Приходилось терпеть – терпеть потому, что лежала она в отдельной коммерческой палате, за которую платила немалые деньги, а в отделении, как и во всем диспансере, существовало негласное твердое правило: шугать можно только бесплатных, то есть бесправных, особенно тех, что лежат в коридорах, коммерческим же подобает вежливое, осторожное отношение. Люди они богатые, происхождение денег неизвестно; выскажешь такому что-нибудь от сердца, глядишь – а на следующий день ты уже безработный, а то и просто тебе в твоей же парадной морду начистили.

Полгода вспоминали в отделении об одном происшествии.

Лежала в такой же палате тихонькая старушка. Сын к ней приходил – ласковый и почтительный. Все бы хорошо, да старушка, повадилась ходить под себя по шесть-восемь раз на дню. Шесть-восемь раз ее мыли и переодевали, терпеливо указывая на кнопочку в стенке: нажмите, мол, тут, мамаша, и вам судно принесут.
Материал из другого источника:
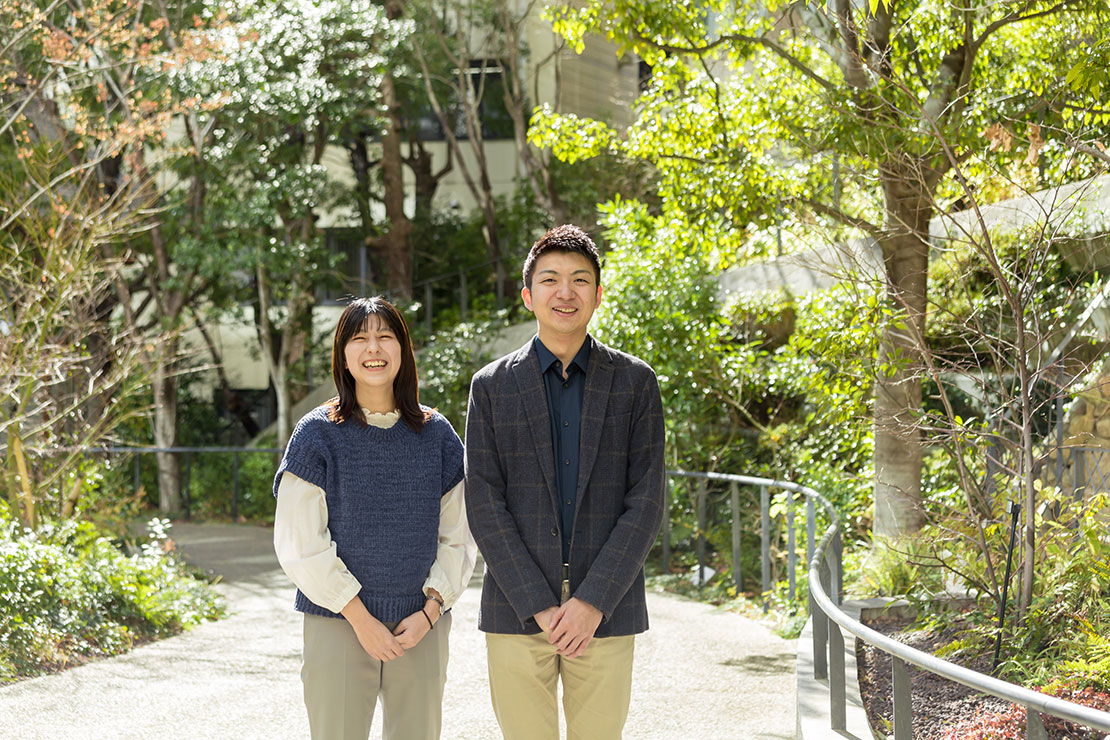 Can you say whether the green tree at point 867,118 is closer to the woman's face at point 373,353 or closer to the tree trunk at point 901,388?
the tree trunk at point 901,388

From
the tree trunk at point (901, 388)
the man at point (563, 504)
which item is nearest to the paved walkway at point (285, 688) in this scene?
the tree trunk at point (901, 388)

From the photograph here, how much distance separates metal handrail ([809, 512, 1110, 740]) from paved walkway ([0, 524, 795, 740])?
3.69ft

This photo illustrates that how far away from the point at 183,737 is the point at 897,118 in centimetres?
489

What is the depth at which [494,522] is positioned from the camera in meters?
3.17

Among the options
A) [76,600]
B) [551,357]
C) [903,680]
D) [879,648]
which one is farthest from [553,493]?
[76,600]

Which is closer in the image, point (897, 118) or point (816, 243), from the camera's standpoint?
point (897, 118)

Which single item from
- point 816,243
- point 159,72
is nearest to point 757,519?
point 816,243

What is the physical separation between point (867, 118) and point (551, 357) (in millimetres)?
3832

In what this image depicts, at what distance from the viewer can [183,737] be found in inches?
202

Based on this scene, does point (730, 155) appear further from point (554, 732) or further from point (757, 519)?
point (554, 732)

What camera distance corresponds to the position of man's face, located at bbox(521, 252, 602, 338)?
3.26m

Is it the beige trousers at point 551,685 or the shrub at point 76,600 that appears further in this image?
the shrub at point 76,600

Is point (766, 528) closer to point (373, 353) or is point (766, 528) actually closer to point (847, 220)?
point (847, 220)

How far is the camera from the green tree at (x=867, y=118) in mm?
6316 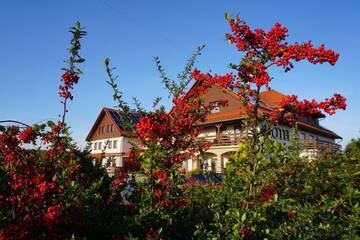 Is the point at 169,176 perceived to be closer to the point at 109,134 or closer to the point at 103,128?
the point at 109,134

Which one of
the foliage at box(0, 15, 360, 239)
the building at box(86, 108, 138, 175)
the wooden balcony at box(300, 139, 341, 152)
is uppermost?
the building at box(86, 108, 138, 175)

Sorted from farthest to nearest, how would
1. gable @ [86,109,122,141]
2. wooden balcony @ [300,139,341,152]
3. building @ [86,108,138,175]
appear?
gable @ [86,109,122,141], building @ [86,108,138,175], wooden balcony @ [300,139,341,152]

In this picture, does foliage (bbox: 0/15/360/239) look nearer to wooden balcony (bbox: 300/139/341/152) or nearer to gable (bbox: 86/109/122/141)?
wooden balcony (bbox: 300/139/341/152)

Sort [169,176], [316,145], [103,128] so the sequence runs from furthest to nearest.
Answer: [103,128]
[316,145]
[169,176]

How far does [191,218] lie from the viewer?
4.96m

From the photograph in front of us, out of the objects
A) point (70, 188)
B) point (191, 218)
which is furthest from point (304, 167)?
point (70, 188)

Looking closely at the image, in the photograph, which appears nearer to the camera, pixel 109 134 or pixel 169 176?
pixel 169 176

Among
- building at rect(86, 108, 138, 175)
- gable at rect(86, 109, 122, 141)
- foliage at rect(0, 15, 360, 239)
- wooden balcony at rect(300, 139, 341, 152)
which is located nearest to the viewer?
foliage at rect(0, 15, 360, 239)

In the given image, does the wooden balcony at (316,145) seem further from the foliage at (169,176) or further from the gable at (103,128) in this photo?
the gable at (103,128)

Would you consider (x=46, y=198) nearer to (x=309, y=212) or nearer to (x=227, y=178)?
(x=227, y=178)

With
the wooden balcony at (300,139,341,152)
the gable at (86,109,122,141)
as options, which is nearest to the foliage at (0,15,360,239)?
the wooden balcony at (300,139,341,152)

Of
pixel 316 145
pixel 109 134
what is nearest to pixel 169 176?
pixel 316 145

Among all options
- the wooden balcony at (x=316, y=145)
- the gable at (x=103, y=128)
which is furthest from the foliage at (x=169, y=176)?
the gable at (x=103, y=128)

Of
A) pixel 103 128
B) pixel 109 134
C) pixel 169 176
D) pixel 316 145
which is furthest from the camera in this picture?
pixel 103 128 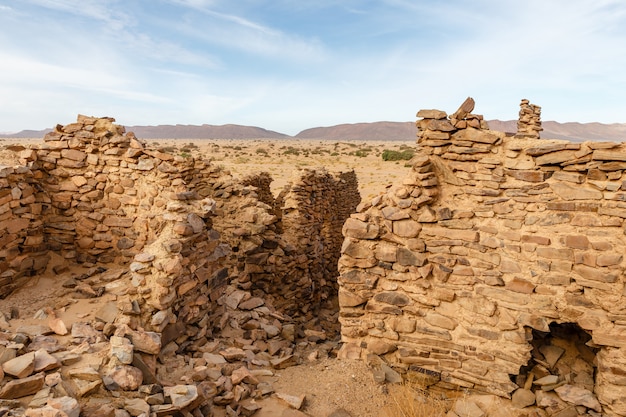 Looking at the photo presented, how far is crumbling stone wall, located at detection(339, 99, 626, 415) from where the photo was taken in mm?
4535

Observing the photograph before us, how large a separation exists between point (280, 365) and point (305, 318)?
13.4ft

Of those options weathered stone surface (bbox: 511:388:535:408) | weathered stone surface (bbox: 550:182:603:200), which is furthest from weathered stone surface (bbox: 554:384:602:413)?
weathered stone surface (bbox: 550:182:603:200)

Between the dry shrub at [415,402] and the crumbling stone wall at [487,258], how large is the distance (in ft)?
0.74

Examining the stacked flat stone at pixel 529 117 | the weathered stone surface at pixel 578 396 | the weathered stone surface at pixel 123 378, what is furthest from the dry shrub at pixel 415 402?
the stacked flat stone at pixel 529 117

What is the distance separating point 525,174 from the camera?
487 centimetres


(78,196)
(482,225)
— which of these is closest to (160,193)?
(78,196)

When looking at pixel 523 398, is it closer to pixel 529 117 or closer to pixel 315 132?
pixel 529 117

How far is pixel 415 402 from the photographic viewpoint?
4.86m

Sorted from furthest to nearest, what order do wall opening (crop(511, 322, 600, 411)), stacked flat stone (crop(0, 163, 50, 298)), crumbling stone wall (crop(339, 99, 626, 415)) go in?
stacked flat stone (crop(0, 163, 50, 298)), wall opening (crop(511, 322, 600, 411)), crumbling stone wall (crop(339, 99, 626, 415))

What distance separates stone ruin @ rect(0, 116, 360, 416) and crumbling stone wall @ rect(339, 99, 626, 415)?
1.56 m

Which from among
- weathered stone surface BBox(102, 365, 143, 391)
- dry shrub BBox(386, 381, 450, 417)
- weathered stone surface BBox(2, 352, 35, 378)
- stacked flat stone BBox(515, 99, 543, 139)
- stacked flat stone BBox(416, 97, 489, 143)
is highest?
stacked flat stone BBox(515, 99, 543, 139)

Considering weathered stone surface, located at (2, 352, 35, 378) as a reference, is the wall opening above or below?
below

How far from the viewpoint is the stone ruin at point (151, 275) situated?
139 inches

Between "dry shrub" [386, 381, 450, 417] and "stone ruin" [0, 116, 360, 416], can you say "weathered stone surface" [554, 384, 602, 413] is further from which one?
"stone ruin" [0, 116, 360, 416] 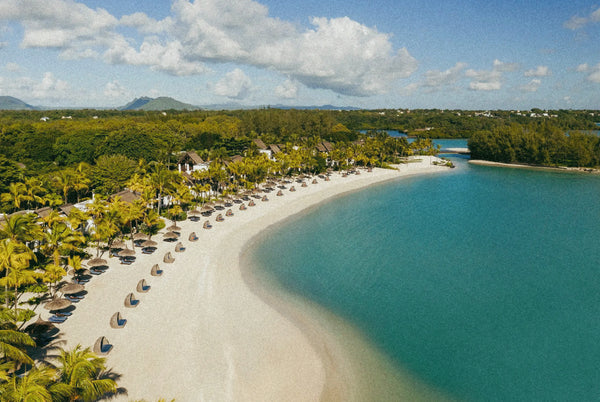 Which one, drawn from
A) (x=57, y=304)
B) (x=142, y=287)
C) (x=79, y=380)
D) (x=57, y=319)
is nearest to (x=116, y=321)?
(x=57, y=319)

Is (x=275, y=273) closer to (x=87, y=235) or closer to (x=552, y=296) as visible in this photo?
(x=87, y=235)

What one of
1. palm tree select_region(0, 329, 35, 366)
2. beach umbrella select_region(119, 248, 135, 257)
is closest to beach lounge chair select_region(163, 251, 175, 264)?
beach umbrella select_region(119, 248, 135, 257)

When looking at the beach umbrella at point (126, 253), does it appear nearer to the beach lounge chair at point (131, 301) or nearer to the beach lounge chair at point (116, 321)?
the beach lounge chair at point (131, 301)

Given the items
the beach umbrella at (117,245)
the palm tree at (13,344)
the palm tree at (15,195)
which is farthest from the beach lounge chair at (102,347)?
the palm tree at (15,195)

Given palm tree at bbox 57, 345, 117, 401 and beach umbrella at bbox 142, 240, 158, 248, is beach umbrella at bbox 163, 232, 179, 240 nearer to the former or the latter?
beach umbrella at bbox 142, 240, 158, 248

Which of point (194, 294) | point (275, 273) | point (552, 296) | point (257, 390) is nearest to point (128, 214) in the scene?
point (194, 294)

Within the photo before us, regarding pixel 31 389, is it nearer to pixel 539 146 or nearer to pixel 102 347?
pixel 102 347

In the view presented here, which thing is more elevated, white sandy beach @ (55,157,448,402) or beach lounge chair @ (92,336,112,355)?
beach lounge chair @ (92,336,112,355) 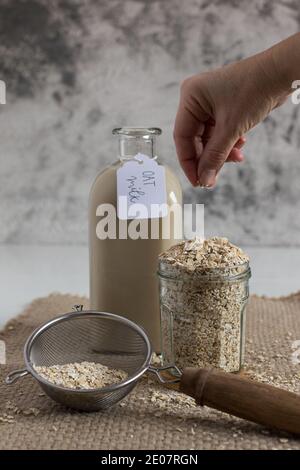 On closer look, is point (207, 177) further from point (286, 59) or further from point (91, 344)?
point (91, 344)

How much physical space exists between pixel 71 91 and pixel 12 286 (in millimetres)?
861

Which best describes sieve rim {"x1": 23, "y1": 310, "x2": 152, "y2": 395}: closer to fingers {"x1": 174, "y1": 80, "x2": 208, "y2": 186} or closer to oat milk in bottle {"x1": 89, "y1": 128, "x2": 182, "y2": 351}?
oat milk in bottle {"x1": 89, "y1": 128, "x2": 182, "y2": 351}

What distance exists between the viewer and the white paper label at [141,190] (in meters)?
1.68

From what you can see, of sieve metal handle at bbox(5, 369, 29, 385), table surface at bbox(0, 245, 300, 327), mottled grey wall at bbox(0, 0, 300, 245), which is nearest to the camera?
sieve metal handle at bbox(5, 369, 29, 385)

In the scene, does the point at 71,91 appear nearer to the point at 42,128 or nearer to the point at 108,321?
the point at 42,128

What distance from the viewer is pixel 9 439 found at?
1309 millimetres

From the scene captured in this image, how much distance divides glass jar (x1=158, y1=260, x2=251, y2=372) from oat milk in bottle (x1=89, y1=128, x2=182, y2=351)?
16 centimetres

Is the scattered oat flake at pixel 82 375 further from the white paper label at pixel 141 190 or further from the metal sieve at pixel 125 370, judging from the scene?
the white paper label at pixel 141 190

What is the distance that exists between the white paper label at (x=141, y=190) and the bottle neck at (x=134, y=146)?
2 centimetres

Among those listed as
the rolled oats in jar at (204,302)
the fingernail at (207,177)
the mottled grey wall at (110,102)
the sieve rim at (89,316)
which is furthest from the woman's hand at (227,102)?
the mottled grey wall at (110,102)

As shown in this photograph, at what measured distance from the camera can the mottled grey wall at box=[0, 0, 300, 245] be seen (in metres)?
2.81

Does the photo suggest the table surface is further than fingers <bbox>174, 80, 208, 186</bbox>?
Yes

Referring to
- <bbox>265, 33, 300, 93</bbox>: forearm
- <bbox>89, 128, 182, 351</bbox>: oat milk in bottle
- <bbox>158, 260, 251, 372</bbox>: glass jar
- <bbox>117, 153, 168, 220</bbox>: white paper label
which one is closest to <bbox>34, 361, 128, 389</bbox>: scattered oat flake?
<bbox>158, 260, 251, 372</bbox>: glass jar

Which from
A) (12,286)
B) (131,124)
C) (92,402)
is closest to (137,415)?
(92,402)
Но «мамаша» кнопку упорно не замечала, хотя не была в маразме и не страдала недержанием. Почему – кто разберется! Однажды новенькая сестричка не выдержала и не то чтобы нагрубила, а просто запричитала громче, чем следует: «Да что ж это такое! Вы слова русские понимаете или нет?! Вы что – кнопку не видите?! Вам что – руку не поднять? У нас, думаете, дел других нет, кроме как ваши экскременты выносить?! Вот еще раз сделаете так – и до ночи в грязном пролежите! Может, тогда научитесь…».

В тот же день, когда девушка возвращалась с работы (кстати, по оживленной улице), рядом с тротуаром тихо тормознул «мерседес». Очень быстро и слаженно девушка была втащена внутрь – так, что даже испугаться не успела. На заднем сиденье расположился почтительный сынок больной старушки. Сестричка только рот открыла, но слов уже не было. Она услышала:

– Хамить, кажется, на рабочем месте изволите, сестрица? Нехорошо, милая, нехорошо… Хамство – мать всех пороков… Но вы больше не будете. Это я вам обещаю…

И она больше правда никогда не хамила. А только радовалась, что дешево отделалась: всего месяц провалялась на больничном после того, как «скорая» подобрала ее далеко за городом, где начинались капустные поля… Более того, это послужило уроком вежливости для всего отделения.

Вот и сейчас маленькая Олечка, тихо прикрывшая дверь, прикусила губку: обидно, конечно, но нужно терпеть.

– Что, опять? – подошла к ней дежурная с другого поста.

– Хоть бы померла скорей, – всхлипнула Олечка. – Вроде, и особенного ничего, а житья нет. Как зайду к ней в палату, весь вечер потом работа из рук валится…

– Не бери в голову, – посоветовала коллега. – На всех обижаться – нервов не хватит.

– Да-а, а мне еще градусник у нее забирать, уколы делать и таблетки давать… Хоть бы она ими подавилась! – переживала Оля.

Со всеми другими больными, общительная и добрая от природы, она непременно находила контакт, случалось, доверительно болтала «за жизнь», во всяком случае, устанавливала добрые отношения. Но эта женщина с узким желтым лицом, сурово поджатыми губами, с аккуратным узлом некрашеных и оттого неопределенно серых волос казалась недоступной для живого человеческого общения. Она не то что ушла, а словно бы умерла в себя: никого не подпускала, тем более не допускала или, еще хуже, не снисходила. И хоть бы равнодушие! Читался порой в ее взгляде глубоко загнанный внутрь интерес – будто выжидала чего-то или даже, припав, как смертельно раненный хищник, готовилась к последнему роковому прыжку…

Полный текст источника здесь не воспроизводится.